Flashcards in Dilapidations Deck (25):
1

What must a surveyor not do when acting in a dilapidations claim?

They should not allow their professional standards to be advances to further their clients case. They should not provide a document that contains items that they know or should know are not true, properly sustainable or reasonably arguable - INTEGRITY

2

In the absence of a lease, or an express repairing clause how are the obligations dealt with?

Under common law

3

What are the obligations on a landlord at common law?

- To give full possession at the date of entry
- Once tenant is in possession, not to do anything to prevent possession
- Warrant that the premises is fit for purpose
- Continuing duty to keep premises tenantable, and wind and water tight, once they have been notified of any breaches

4

What are the obligations on a tenant at common law?

- To take possession at the date of entry
- To remain in possession over the course of the lease
- To use the premises for the intention they were let
- To take reasonable care, and to be liable for damage caused through their negligence
- To pay rent

5

How are common law liabilities transferred under a lease?
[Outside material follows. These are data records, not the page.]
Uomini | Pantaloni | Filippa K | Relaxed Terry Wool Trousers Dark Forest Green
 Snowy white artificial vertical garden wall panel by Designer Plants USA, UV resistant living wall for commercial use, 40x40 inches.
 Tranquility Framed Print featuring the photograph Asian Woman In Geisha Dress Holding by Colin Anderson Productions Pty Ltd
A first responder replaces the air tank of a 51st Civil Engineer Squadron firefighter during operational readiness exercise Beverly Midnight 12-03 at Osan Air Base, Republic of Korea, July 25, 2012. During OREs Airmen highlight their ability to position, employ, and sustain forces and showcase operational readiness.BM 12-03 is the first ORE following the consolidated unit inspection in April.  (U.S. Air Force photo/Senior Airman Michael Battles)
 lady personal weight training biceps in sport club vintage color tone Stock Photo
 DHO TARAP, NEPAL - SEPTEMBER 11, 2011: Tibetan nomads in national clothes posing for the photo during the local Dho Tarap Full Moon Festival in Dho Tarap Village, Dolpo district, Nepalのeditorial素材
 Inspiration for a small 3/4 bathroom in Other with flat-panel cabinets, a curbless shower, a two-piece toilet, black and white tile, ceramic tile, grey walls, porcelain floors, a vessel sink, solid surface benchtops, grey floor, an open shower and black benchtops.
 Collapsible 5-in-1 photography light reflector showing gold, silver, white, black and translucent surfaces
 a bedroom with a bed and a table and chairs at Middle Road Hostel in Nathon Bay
Mainly, through the repairing obligation. A form of words requiring the tenant to "keep and maintain in a good and substantial condition". Additionally, the landlord may remove their warranty that the premises is fit for purpose, or that the tenant accepts that premises as being in a tenantable condition

6

Why is an understanding on the common law position important, even when there is a lease in place?

If the lease is silent on something, then it will revert back to the common law position. Therefore having an understanding of what the common law liabilities is important to be able to advise a client

7

What is tacit relocation?

Tacit relocation is where either the landlord or tenant fail to issue adequate notice to quit. In that case, the lease can continue for a year (or less if the lease was less), and all obligations will remain in place

8

What is a dilapidations claim?

The typical process of the allegation of the breach of an obligation under a lease/tenancy, generally in respect of the repair or use. Normally conveyed via a schedule of dilapidations

9

What is diminution in value?

Diminution in value is a measure of loss which has no statutory significance in Scotland. It is a valuation of the difference between a value of a premises in its current condition and the premises under the tenancy

10

What are extraordinary repairs?

Generally defined as extensive or substantial replacement or renewal required as a result of a significant defect caused by the passage of time, natural decay, latent/inherent defects, or an extraordinary event. For a tenant to be liable for extraordinary repairs there needs to be specific terms in the lease (i.e. regardless of the cause of damage)

11

What is an ordinary repair?

An ordinary repair is a repair considered to be within normal repair and maintenance, to ensure wind and watertight or in appropriate condition for the lease obligations

12

What is a schedule of dilapidations?

A document that notes the lease, obligations, alleged breaches, wants of repair (non-monetary)/repair works required, and possibly the estimated/actual cost to carry out the works. Usually prepared by a building surveyor, usually provided in Scott Schedule form to allow for tenant responses against specific breaches

13

What is tenantable condition?

Generally considered to be a condition that takes into account the age, character and locality of the premises and whether it is in a condition where a reasonably minded tenant would be likely to take on a lease of that premises on similar terms

14

What is the definition of a lease?

A lease is a contract where a landlord provides the tenant with the right to occupation of a premises for a period of time, in return for a payment for consideration (i.e. rent)

15

What are the common different types of lease?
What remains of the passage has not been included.